Given these diagrams I came up with the following integrated diagram:

Integrated Diagram

Some points on my preliminary and final diagram. In the preliminary diagrams
I didn't put constraints on relationships so as to avoid conflicts
among constraints when I did the integration. In the final diagram 
both Movie and Book have just been modeled as the LibraryItem which
has a type attribute. If we had been allowed to use EER diagrams I might
have used subtyping here. On the other hand, I had two distinct entities
Archivist and Staff rather than one entity with a role attribute. This was
because I envisioned the roles of these two entities to be fairly distinct.
Lastly, notice how the merging of Member's name attribute was handled so that
it is now a composite attribute in the merged diagram. Elsewhere in the
diagram as well, I had to make names match between the different
original diagrams. Also, since the left-right flow of the diagram is different 
in the merged result, I renamed some of the relationships to make it clearer 
what they meant even though they didn't cause any of the book listed problems
with the old names.



2. To convert the above diagram to tables. We first make each entity a table,
adding the attributes from the orginal diagram. Then we add attributes to
these tables for the 1:N relationships. Finally, we map the N:M relationships
to their own tables. This gives:

LIBRARY_ITEM
ID(K1) Description  ArchiveID(F_K3) Name Creator StaffID (F_K3)

MEMBER
MemNumber(K2) FName LName Address Phone E-mail 

ARCHIVE
ID(K3) Name Director ArchivistID (F_K6) BranchID (F_K4)

BRANCH
ID(K4) Name Address Manager

STAFF
ID(K5) Name HireDate BranchID (F_K4)

ARCHIVIST
ID(K6) Name Specialty 

RESTORED_BY
ArchiveID(F_K5) ItemID(F_K1)(K7)

CALLED_BACK_BY
MemberNum(F_K2) ItemID(F_K1)(K8) Date 

LOANED_TO
MemberNum(F_K2) ItemID(F_K1)(K9) DateDue

The numbers Ki and F_Ki next to some attributes indicates key i and 
foreign key that depends on key i.

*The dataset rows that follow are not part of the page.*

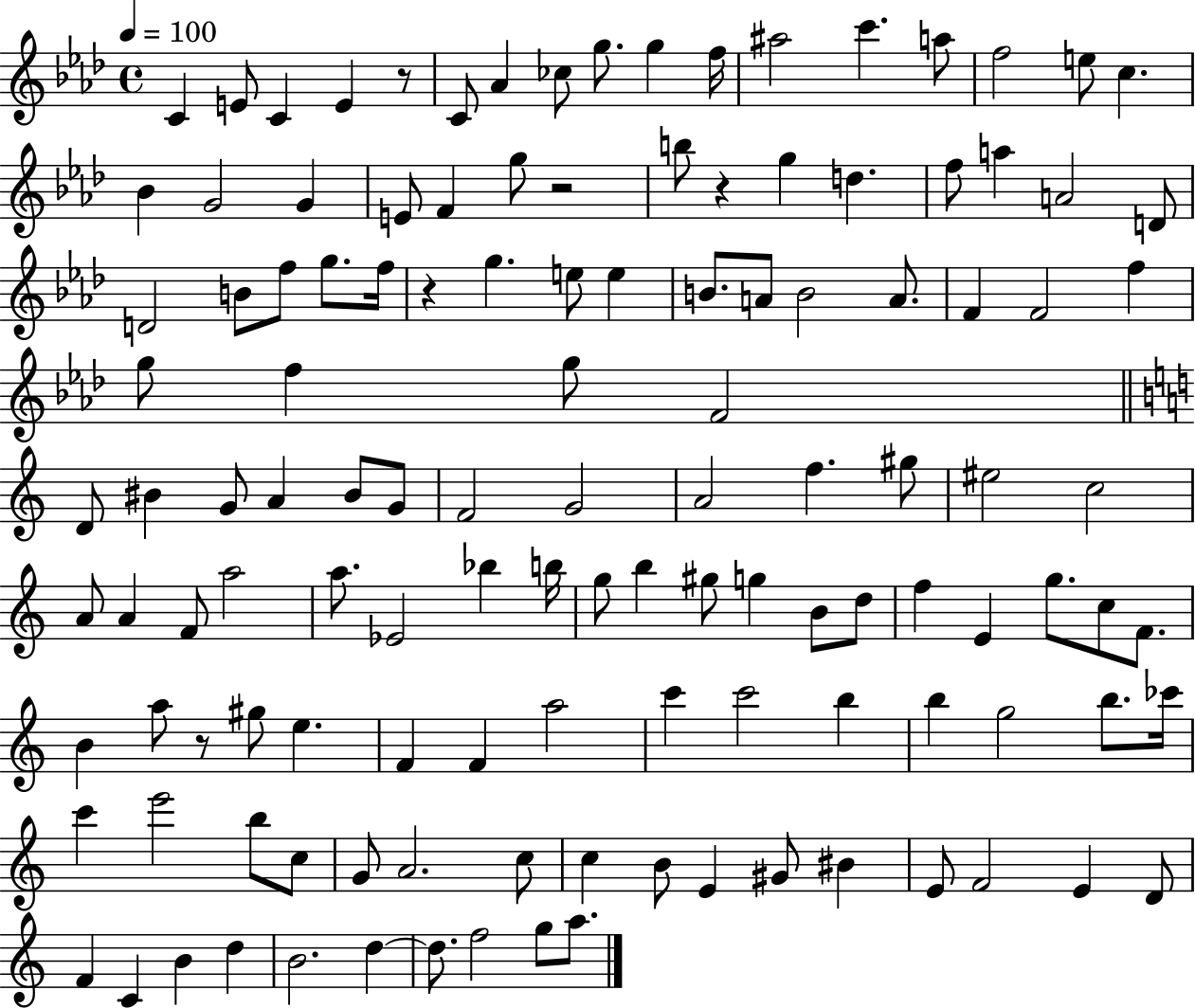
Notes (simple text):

C4/q E4/e C4/q E4/q R/e C4/e Ab4/q CES5/e G5/e. G5/q F5/s A#5/h C6/q. A5/e F5/h E5/e C5/q. Bb4/q G4/h G4/q E4/e F4/q G5/e R/h B5/e R/q G5/q D5/q. F5/e A5/q A4/h D4/e D4/h B4/e F5/e G5/e. F5/s R/q G5/q. E5/e E5/q B4/e. A4/e B4/h A4/e. F4/q F4/h F5/q G5/e F5/q G5/e F4/h D4/e BIS4/q G4/e A4/q BIS4/e G4/e F4/h G4/h A4/h F5/q. G#5/e EIS5/h C5/h A4/e A4/q F4/e A5/h A5/e. Eb4/h Bb5/q B5/s G5/e B5/q G#5/e G5/q B4/e D5/e F5/q E4/q G5/e. C5/e F4/e. B4/q A5/e R/e G#5/e E5/q. F4/q F4/q A5/h C6/q C6/h B5/q B5/q G5/h B5/e. CES6/s C6/q E6/h B5/e C5/e G4/e A4/h. C5/e C5/q B4/e E4/q G#4/e BIS4/q E4/e F4/h E4/q D4/e F4/q C4/q B4/q D5/q B4/h. D5/q D5/e. F5/h G5/e A5/e.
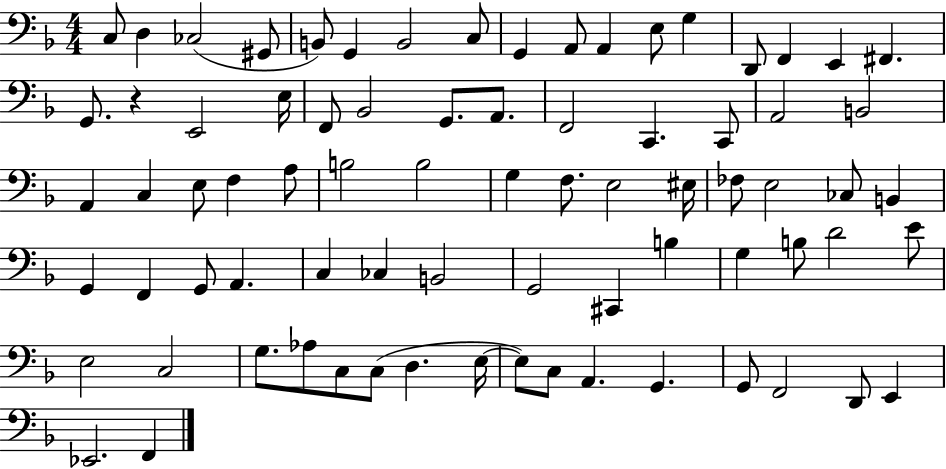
X:1
T:Untitled
M:4/4
L:1/4
K:F
C,/2 D, _C,2 ^G,,/2 B,,/2 G,, B,,2 C,/2 G,, A,,/2 A,, E,/2 G, D,,/2 F,, E,, ^F,, G,,/2 z E,,2 E,/4 F,,/2 _B,,2 G,,/2 A,,/2 F,,2 C,, C,,/2 A,,2 B,,2 A,, C, E,/2 F, A,/2 B,2 B,2 G, F,/2 E,2 ^E,/4 _F,/2 E,2 _C,/2 B,, G,, F,, G,,/2 A,, C, _C, B,,2 G,,2 ^C,, B, G, B,/2 D2 E/2 E,2 C,2 G,/2 _A,/2 C,/2 C,/2 D, E,/4 E,/2 C,/2 A,, G,, G,,/2 F,,2 D,,/2 E,, _E,,2 F,,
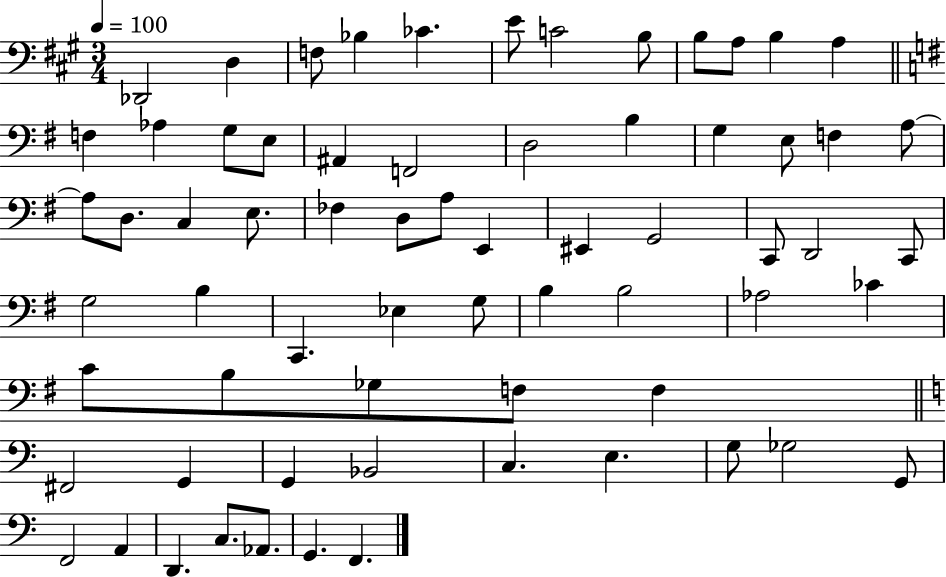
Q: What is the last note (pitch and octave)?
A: F2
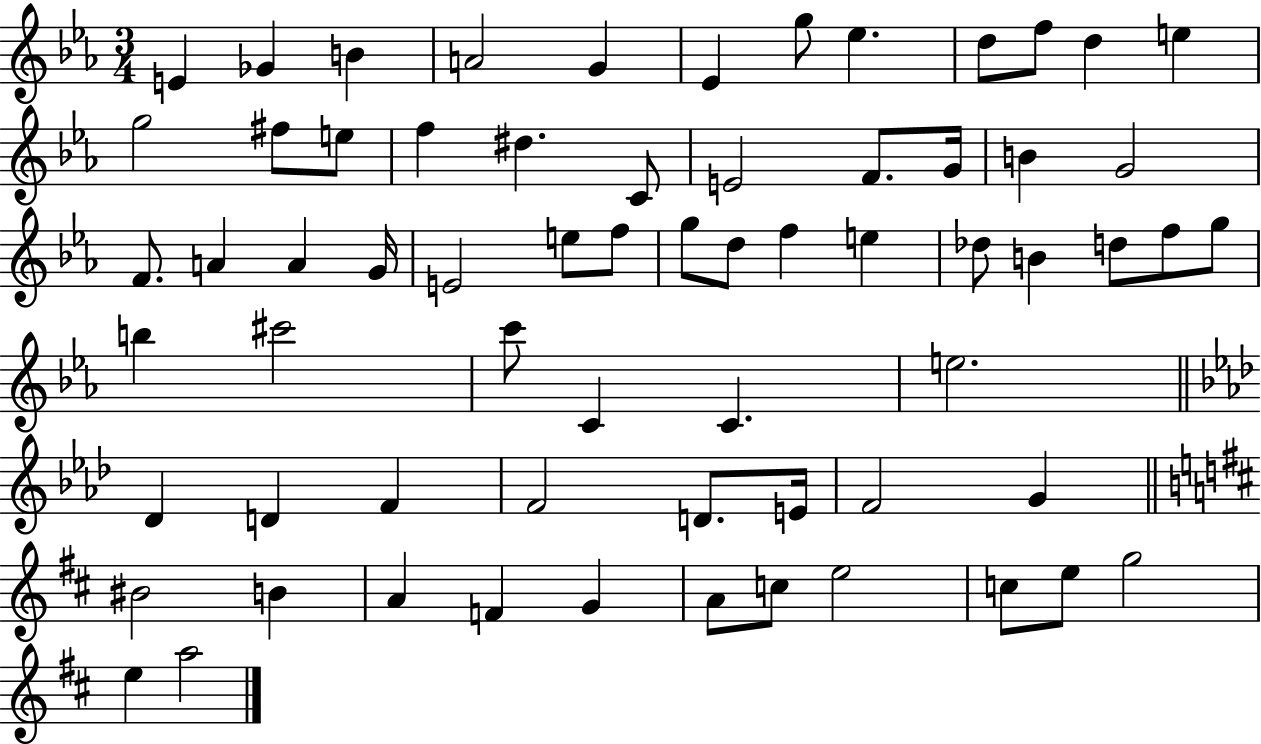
{
  \clef treble
  \numericTimeSignature
  \time 3/4
  \key ees \major
  e'4 ges'4 b'4 | a'2 g'4 | ees'4 g''8 ees''4. | d''8 f''8 d''4 e''4 | \break g''2 fis''8 e''8 | f''4 dis''4. c'8 | e'2 f'8. g'16 | b'4 g'2 | \break f'8. a'4 a'4 g'16 | e'2 e''8 f''8 | g''8 d''8 f''4 e''4 | des''8 b'4 d''8 f''8 g''8 | \break b''4 cis'''2 | c'''8 c'4 c'4. | e''2. | \bar "||" \break \key aes \major des'4 d'4 f'4 | f'2 d'8. e'16 | f'2 g'4 | \bar "||" \break \key d \major bis'2 b'4 | a'4 f'4 g'4 | a'8 c''8 e''2 | c''8 e''8 g''2 | \break e''4 a''2 | \bar "|."
}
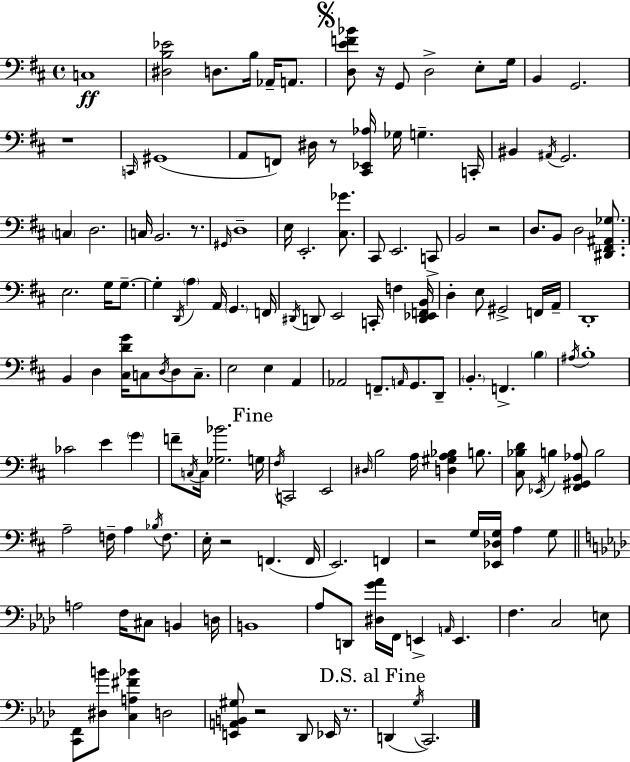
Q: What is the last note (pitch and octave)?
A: C2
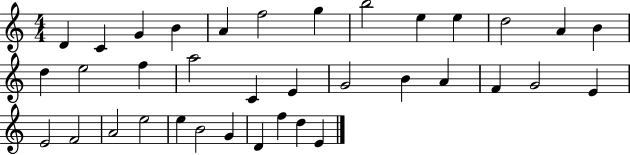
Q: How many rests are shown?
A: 0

It makes sense to have 
hash indexes on K1-K6 as they are the primary keys of their corresponding
tables. As they are IDs their value does not contain any info so we would
probably not order these tables by their value. On the other hand, it would 
make sense to order tables 1, 3-6 by their Name attributes. So we could
add a clustering index on name for these tables. For the multiple attribute
keys of the last three tables we might use either partitioned hashing or grid 
files for their key attributes. We might also use this for the first name 
last name combination in table 2. We might also add secondary indexes or use
B+-tree based indexes on attributes frequently joined with other tables
such as StaffID and ArchiveID in LIBRARY_ITEM, ArchivistID and BranchID in
ARCHIVE, and BranchID in STAFF. 


3. Answers on this question will vary. You should get at least two tables
and all attributes must be assigned to some table in your partitioning.
This means that cost and movieName should be in different tables as
they are in distinct queries that we are supposed to use to split the
original table. Beyond this your answer should be backed up with an explanation.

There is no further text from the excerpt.